START Provided data

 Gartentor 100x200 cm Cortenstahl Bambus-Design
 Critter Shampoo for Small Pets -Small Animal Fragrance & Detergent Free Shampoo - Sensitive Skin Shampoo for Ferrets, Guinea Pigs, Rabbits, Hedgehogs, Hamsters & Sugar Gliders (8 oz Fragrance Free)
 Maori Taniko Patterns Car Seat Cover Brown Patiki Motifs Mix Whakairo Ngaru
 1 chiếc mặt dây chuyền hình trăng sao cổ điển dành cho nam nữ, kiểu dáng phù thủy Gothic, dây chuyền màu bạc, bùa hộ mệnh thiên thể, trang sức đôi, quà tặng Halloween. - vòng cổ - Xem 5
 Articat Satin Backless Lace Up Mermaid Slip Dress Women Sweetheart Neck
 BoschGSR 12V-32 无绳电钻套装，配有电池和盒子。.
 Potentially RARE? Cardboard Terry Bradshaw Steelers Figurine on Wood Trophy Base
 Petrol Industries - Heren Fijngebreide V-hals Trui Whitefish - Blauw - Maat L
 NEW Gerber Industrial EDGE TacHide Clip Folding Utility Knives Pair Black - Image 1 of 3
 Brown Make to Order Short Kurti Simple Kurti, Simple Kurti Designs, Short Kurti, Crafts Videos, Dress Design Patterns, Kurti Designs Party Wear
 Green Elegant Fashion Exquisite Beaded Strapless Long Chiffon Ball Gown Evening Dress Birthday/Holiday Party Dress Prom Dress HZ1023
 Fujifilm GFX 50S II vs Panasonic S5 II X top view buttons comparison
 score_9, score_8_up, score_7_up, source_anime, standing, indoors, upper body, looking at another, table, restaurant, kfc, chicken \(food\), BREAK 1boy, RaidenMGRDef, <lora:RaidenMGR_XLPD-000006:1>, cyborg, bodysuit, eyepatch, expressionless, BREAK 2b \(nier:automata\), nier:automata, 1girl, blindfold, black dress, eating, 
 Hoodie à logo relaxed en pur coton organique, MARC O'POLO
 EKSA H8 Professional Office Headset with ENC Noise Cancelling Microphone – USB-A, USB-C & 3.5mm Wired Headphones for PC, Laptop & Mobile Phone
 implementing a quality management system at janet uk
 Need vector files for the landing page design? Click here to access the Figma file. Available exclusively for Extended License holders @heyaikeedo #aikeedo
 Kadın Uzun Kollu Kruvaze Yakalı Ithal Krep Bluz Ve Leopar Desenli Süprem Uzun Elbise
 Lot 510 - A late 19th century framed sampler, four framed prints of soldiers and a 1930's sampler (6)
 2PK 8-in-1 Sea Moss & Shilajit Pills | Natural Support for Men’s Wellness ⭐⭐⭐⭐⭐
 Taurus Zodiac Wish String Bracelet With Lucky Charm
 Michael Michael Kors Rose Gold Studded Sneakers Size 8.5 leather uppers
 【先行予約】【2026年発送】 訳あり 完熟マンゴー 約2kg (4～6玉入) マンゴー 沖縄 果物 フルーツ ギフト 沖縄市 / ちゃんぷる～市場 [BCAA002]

END Provided data

Check the data for lines with "Patterns" and give only their number.

> Result of this exercise
2